What do I mean by indirection? Why is it a problem? In JavaScript (and most other dynamic languages), objects, arrays, functions and strings are reference types rather than value types. Concretely speaking, all JavaScript objects are allocated on the heap and manipulated through pointers. This means that accessing object properties necessarily means going through one or more levels of indirection. You might think that this isn't such a big problem. Most objects in C/C++ are also heap-allocated, after all. There is one big difference, however: in C and C++, the programmer can intentionally nest (inline) objects inside of each other. In JavaScript, this cannot be done manually.

As a simple example, suppose you wanted to define and instantiate an object representing a car and its 4 wheels, with each wheel having angles of direction and rotation. In C, you could do the following:

struct Car
{
    char makeModel[128]; // String for the car's make and model
    struct Wheel
    {
        double direction; // Wheel direction angle
        double rotation;  // Current angle of rotation
    } wheels[4];
} car;

In JavaScript, this could be done as follows:

// Car object literal
var car =
{
    makeModel: 'make and model string',
    wheels: [
        { direction: 0, rotation: 0 },
        { direction: 0, rotation: 0 },
        { direction: 0, rotation: 0 },
        { direction: 0, rotation: 0 },
    ]
}

Both of these accomplish the same goal. In either language, one can write car.wheels[0].direction = 0.32, for example. In practice, there are several differences as to how this will be implemented, however:

In C, the car object is explicitly allocated on the stack. In JavaScript, it is implicitly allocated on the heap.
The C object, including the wheel objects and the rotation angles, is one contiguous piece of memory. This is not the case in JavaScript. Modern JS engines will allocate a car object, a string object, an array object to store the wheels, and individual objects for each wheel. The JS car object only contains pointers.
In C, the rotation angles are contained within the wheel objects, in the same contiguous piece of memory. Under Google V8, this would not be so, the rotation angles, if they are floating-point, would each be stored in objects of their own.

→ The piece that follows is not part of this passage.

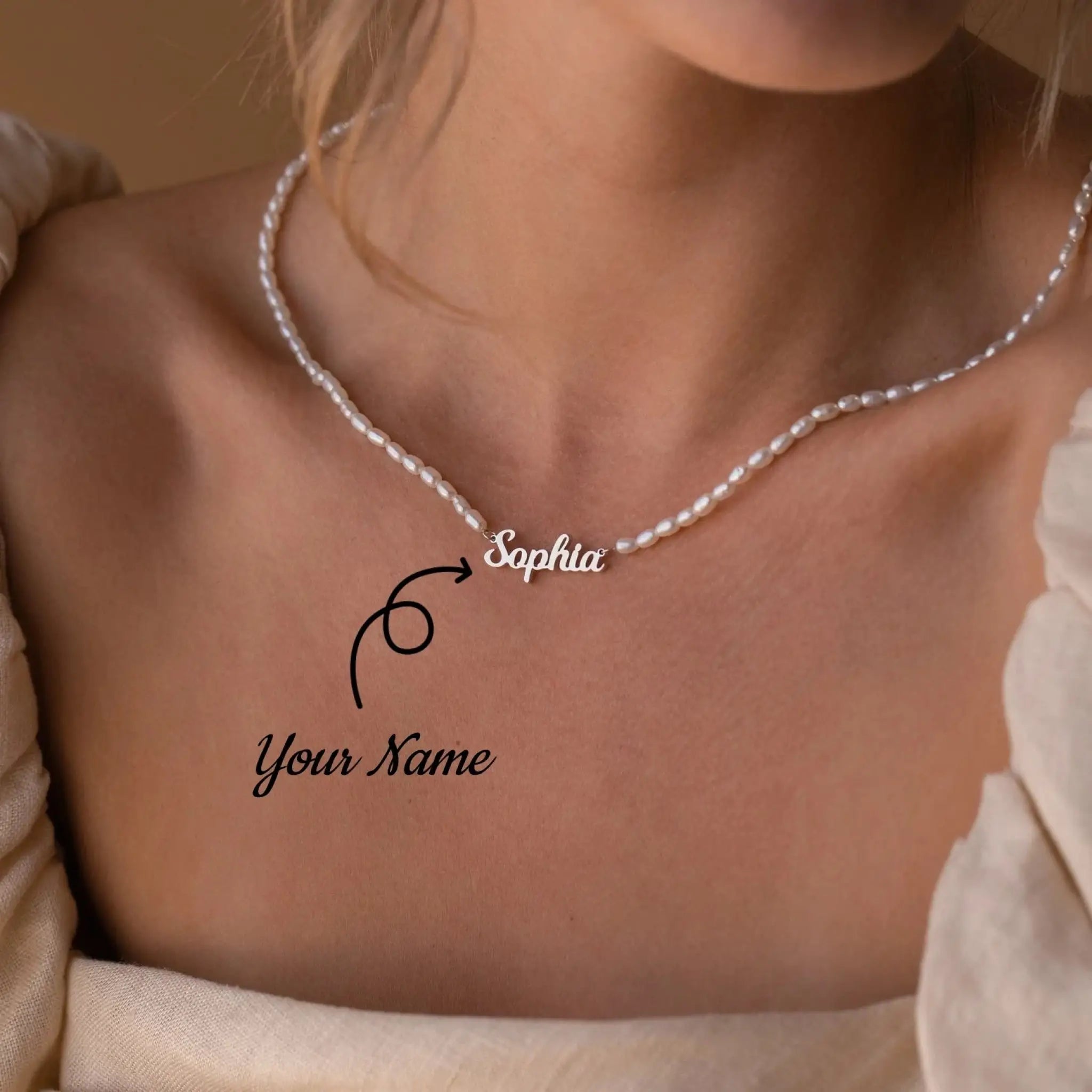 Personalized Custom Name Pendant Fashion Pearl Beaded Customized Nameplate Necklace - Necklace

These differences have a performance impact. In C, accessing a wheel rotation angle only requires accessing the stack pointer at some fixed offset. There is only one level of indirection. In JavaScript, there is indirection from the car variable to the car object, from the car object to the wheel array, from the wheel array to the wheel objects, and potentially from the wheel objects to the rotation angles. Concretely, this means:

Allocating all of the needed JavaScript objects will be slower. There may need to be multiple calls to the allocator. Object headers and pointers may need to be initialized.
Accessing object properties will also be slower in JavaScript. This is not so relevant in this toy example, but you could imagine that if we were updating a list of car objects in a game engine loop there could be a significant impact on performance.
The JavaScript representation will use more memory. In addition to storing the wheel objects, we have to store a header for these objects and pointers to the said wheels. Memory alignment constraints might impose additional memory waste as well.
Because the JavaScript representation is larger, it will not fit in as few cache lines as the C representation, this can cause further performance losses when dealing with large sets of objects.
In Google V8, incrementing a wheel rotation angle would cause a new floating-point object to be allocated.

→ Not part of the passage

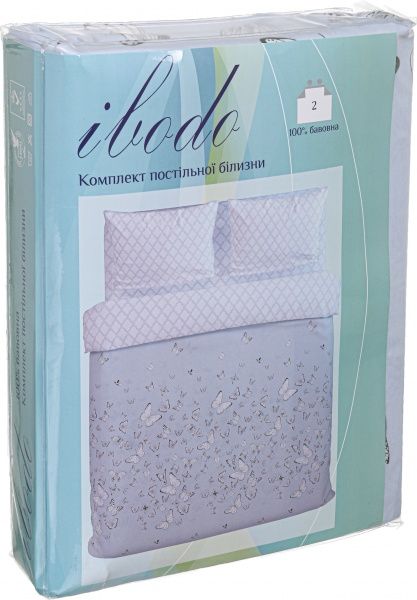 Комплект постельного белья butterflies 2.0 голубой с белым Ibodo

I'm well aware that there are ways to deal with some of these issues in JavaScript. Perhaps the objects could be represented differently (we could have avoided the array). Perhaps we could have used the new Float64Array extension for rotation angles. The point is simply that often, the intuitive JavaScript representation performs worse due to the various reasons I've outlined. The programmer can do some things to recoup part of the performance, but this is often at the cost of readability. Ideally, one would want the (JIT) compiler to be able to mitigate or eliminate these performance issues without the code having to be changed.

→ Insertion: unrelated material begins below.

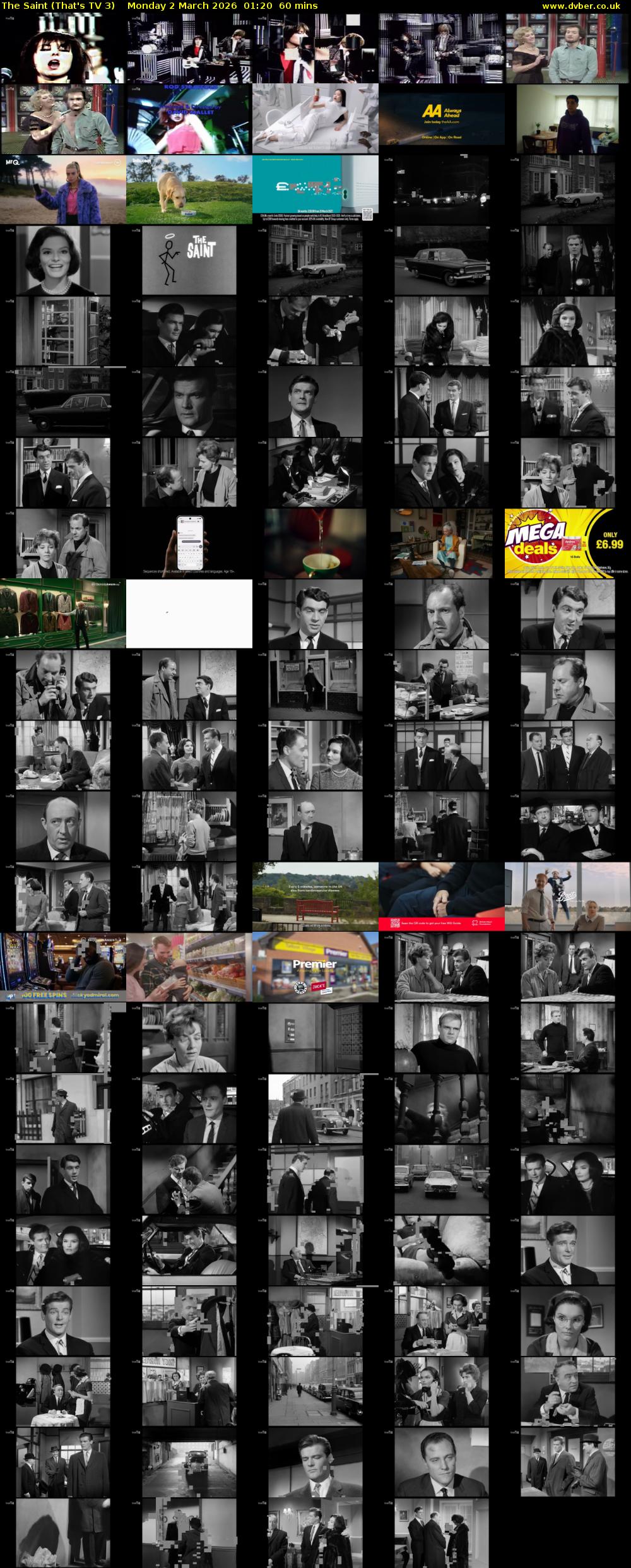 The Saint (That's TV 3) Monday 2 March 2026 01:20 - 02:20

One of the main reasons why I wrote this post is because I know that compilers can do more in this regard, and more would probably be done if compiler writers were more aware of these issues. The Java VM can do escape analysis and automatically allocate some objects on the stack when this is found to be safe. Papers have also been published, on the topic of automatic object inlining, that is, automatically allocating child objects inside of parent objects when possible. Such optimizations can help eliminate indirection and memory usage overhead. However, these techniques are not widespread in modern JIT compilers, and more research could be used to refine them.